Here’s a quick rundown for you:

  • Tau splicing.  The tau protein is encoded by the MAPT gene, which has 14 sections called exons encoding separate fragments of the final protein.  These protein fragments are then stitched together, but sometimes one or more of them is omitted by design.  In healthy people, the product of exon 10 is included in about half of the final tau molecules, but in the tau tangles of PSP, that fragment is nearly always included.  This makes the tau more likely to aggregate.
  • Tau post-translational modifications. Many or most proteins have very small molecules attached to them at specific points to regulate their function and direct their folding pattern.  The abnormal tau of PSP has phosphate and other molecules in inappropriate places.  This could help explain the abnormal folding, which in turn produces toxic aggregates.
  • Tau degradation. The normal “garbage disposal” systems of brain cells gets rid of proteins or organelles (the tiny structures in cells that perform specific functions) that are either overproduced, defective or just worn out.  There are two basic kinds of such systems, the ubiquitin-proteasome system and the autophagy-lysosomal system.  Neither works as well as it should in PSP.  This allows abnormal tau and other toxic molecules to accumulate.
  • Intracellular tau spread. In many neurodegenerative diseases, the abnormally folded tau can travel from one brain cell to another, causing normal copies of those molecules to misfold in a similar fashion.  This creates a kind of chain reaction spreading the damage widely. The misfolding pattern of the tau is specific to each of the tauopathies.
  • Mitochondrial dysfunction. The mitochondria are the organelles in the cells that harvest energy from sugars with the help of oxygen.  In PSP, they function abnormally, possibly because of their own genetic mutations, possibly because their biochemistry is particularly sensitive to certain toxins in our environment.  Mitochondrial dysfunction doesn’t just deprive the cell of energy – it also produces toxic compounds such as free radicals that damage other cell components.
  • Gene expression errors.

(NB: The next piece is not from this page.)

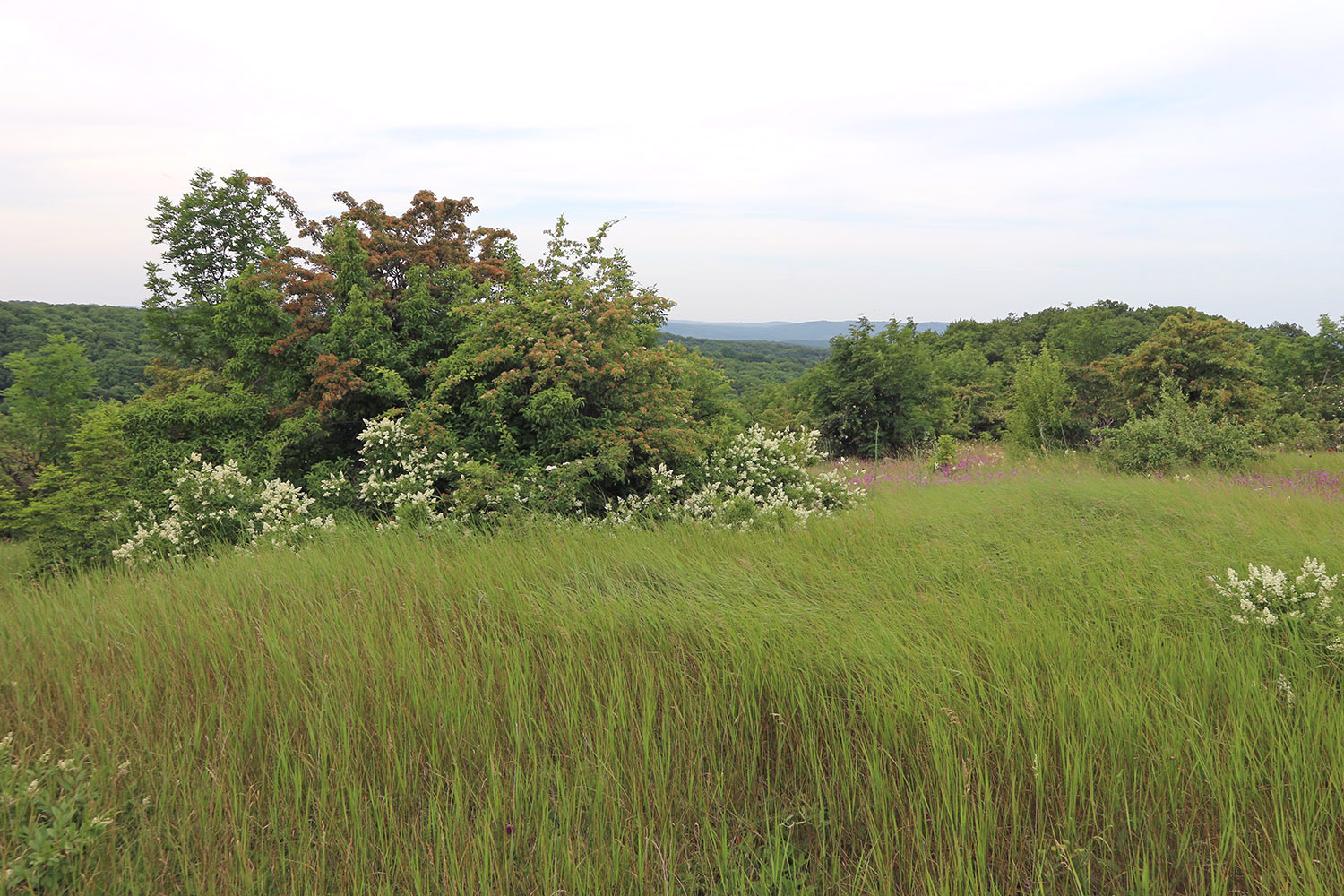 Вышка, image of landscape/habitat.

The most recently discovered pathomechanism has to do with abnormal regulation of access of the cell’s protein-making machinery to the DNA “blueprint.” That process is normally regulated by proteins collectively called “chromatin,” which coat and intertwine with the DNA in the nucleus.   One way the abnormality might work is that abnormal chromatin permits inappropriate access to certain genes that stimulate the immune system, producing a harmful inflammatory reaction in the brain.

All of these pathogenetic mechanisms except the first are currently being addressed by drugs in advanced stages of the development pipeline.  I really don’t know which horse to put my money on.